Dortmund – Ausgelassene Stimmung, Tanz – und dann plötzlich Stille: Vor Beginn eines großen Open-Air-Konzerts mit Adel Tawil in der Dortmunder Innenstadt halten am letzten Abend des evangelischen Kirchentages mehr als 15 000 Menschen auf dem überfüllten Hansaplatz fünf Minuten schweigend inne und gedenken der im Mittelmeer ertrunkenen Bootsflüchtlinge. Banner mit den Namen zehntausender Opfer wurden kurz zuvor in einem Trauermarsch zur Reinoldikirche, dem Dortmunder Wahrzeichen, getragen und dort unter Glockengeläut am Turm hochgezogen. Der Kirchentag legt den Finger in eine offene Wunde Europas.

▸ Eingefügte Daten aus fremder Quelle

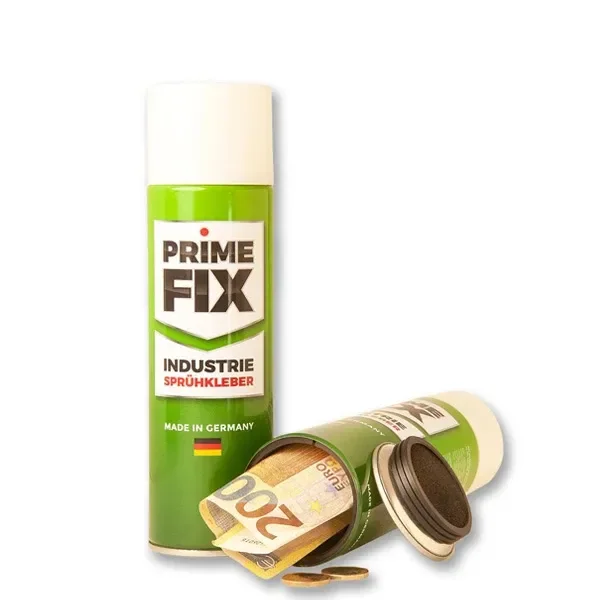 Botes verdes Prime Fix de camuflaje: uno vertical y otro tumbado y abierto, con billetes asomando y monedas sobre fondo blanco. Botes verdes Prime Fix de camuflaje: uno vertical y otro tumbado y abierto, con billetes asomando y monedas sobre fondo blanco.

Von Skandal und einer Schande für die europäischen Staaten ist in Dortmund mehrfach die Rede, von Todesbooten in einem Tränenmeer, von einem Friedhof der Menschenrechte. „Europa verliert seine Seele, wenn wir so weitermachen“, mahnt der Ratsvorsitzende der Evangelischen Kirche in Deutschland (EKD), Heinrich Bedford-Strohm. „Europa darf nicht töten, auch nicht durch unterlassene Hilfeleistung“, sagt Kirchentagspräsident Hans Leyendecker und spricht von einem Verbrechen: „Man lässt zur Abschreckung die Flüchtlingsboote untergehen und die Flüchtlinge ertrinken.“
Auf der Flucht vor Krieg, Terror und Not seien allein in den vergangenen fünf Jahren 18 000 Menschen zwischen Afrika und Europa ums Leben gekommen, 500 Tote seien es bereits in diesem Jahr.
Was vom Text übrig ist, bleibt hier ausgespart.